American Chicana/o studies academic

Rita Sanchez (born May 20, 1937 in San Bernardino, California) is an American academic in the field of Chicana/o studies.

Sanchez' family roots are in Bernalillo, New Mexico, but her grandfather took a second home in San Bernardino in 1910 because of his work with the Southern Pacific Railroad, and sold the Bernalillo home in 1919. Rita Sanchez was born in San Bernardino on May 20, 1937, the seventh of eleven children. She graduated from San Bernardino High School in 1956 and studied journalism at San Jose State University as one of the first Mexican-Americans to attend college, but did not finish her degree. She returned to college in the 1970s as a single mother of two daughters, earning a B.A. in English in 1972, a master's degree in education in 1973, and an M.A. in English in 1974, all from Stanford University. While at Stanford, she taught the first Chicana studies course there. She taught at San Diego State University from 1974 to 1984 while simultaneously doing graduate studies at the University of California, San Diego.

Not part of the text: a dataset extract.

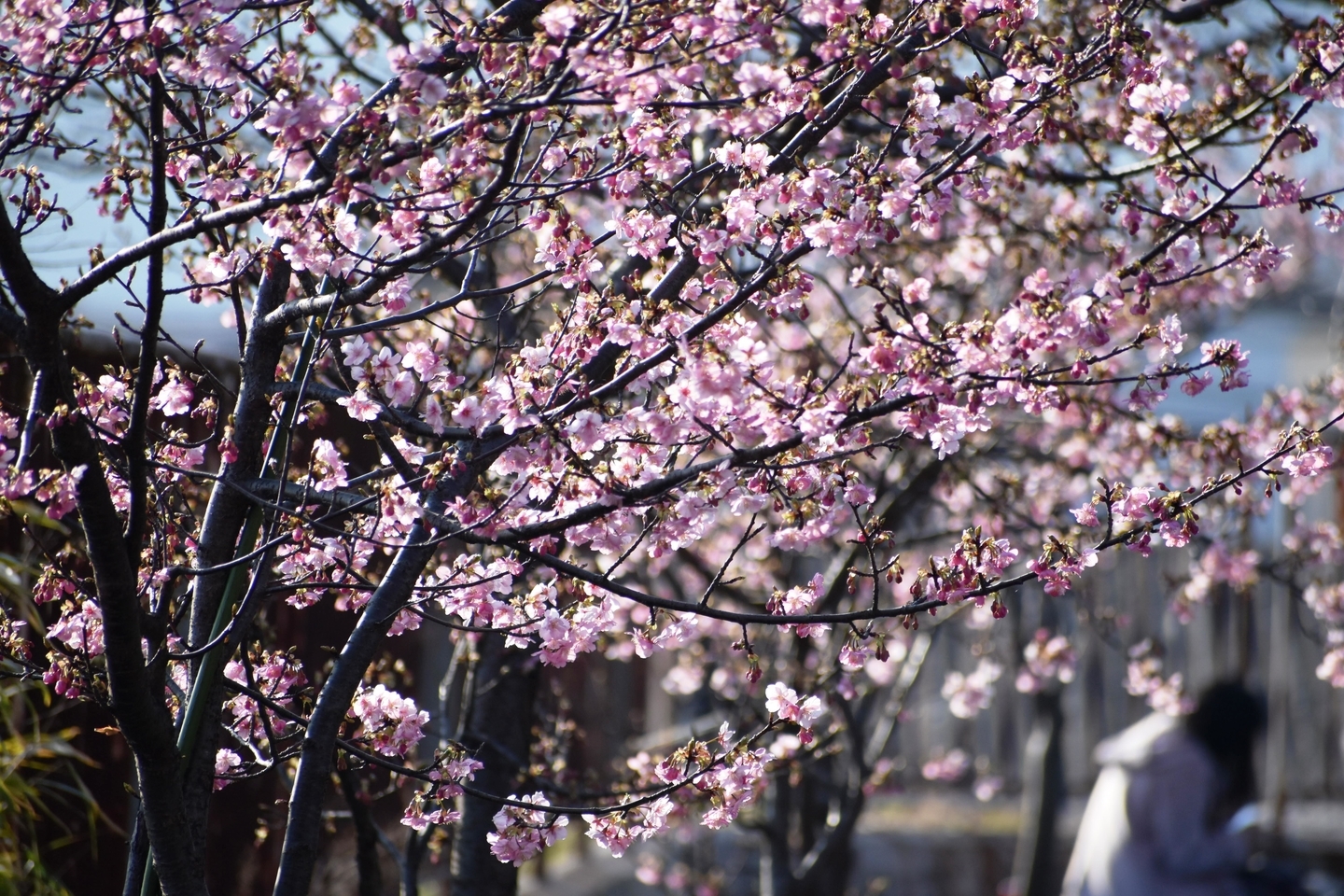 淀 河津 桜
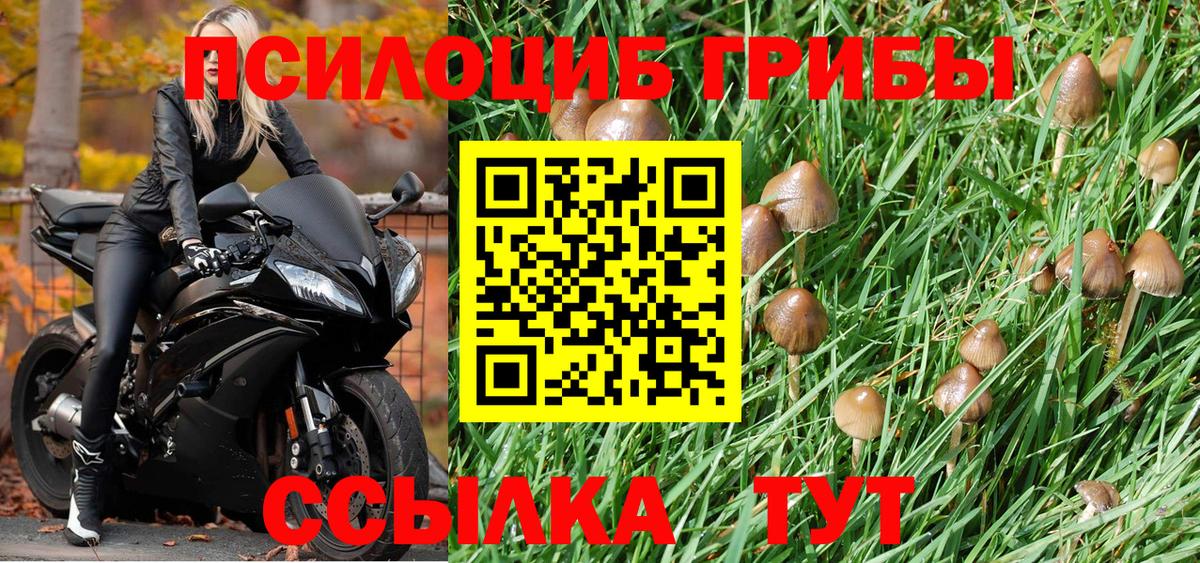 Псилоцибиновые грибы GOLDEN TEACHER Дагестанские Огни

In 1977, she married her second husband, Mario Acevedo, and they had two more children. Leaving academia in 1984, Sanchez founded the Acevedo Gallery in San Diego with Acevedo and his father, artist Guillermo Acevedo. The gallery primarily showed works by Chicano artists, but also included art from Latin America and Native American art from the southwestern U.S.

Sanchez returned to teaching again in 1990, joining the faculty at San Diego Mesa College. At Mesa College, she chaired the Chicano Studies department from 1996 to 1999, and in 2006 she led the department to change its name to the department of Chicana and Chicano Studies. She married one of her academic collaborators, Richard Griswold del Castillo, in 2005.

Sanchez was inducted into the San Diego County Women's Hall of Fame in 2011 for her dedicated activism.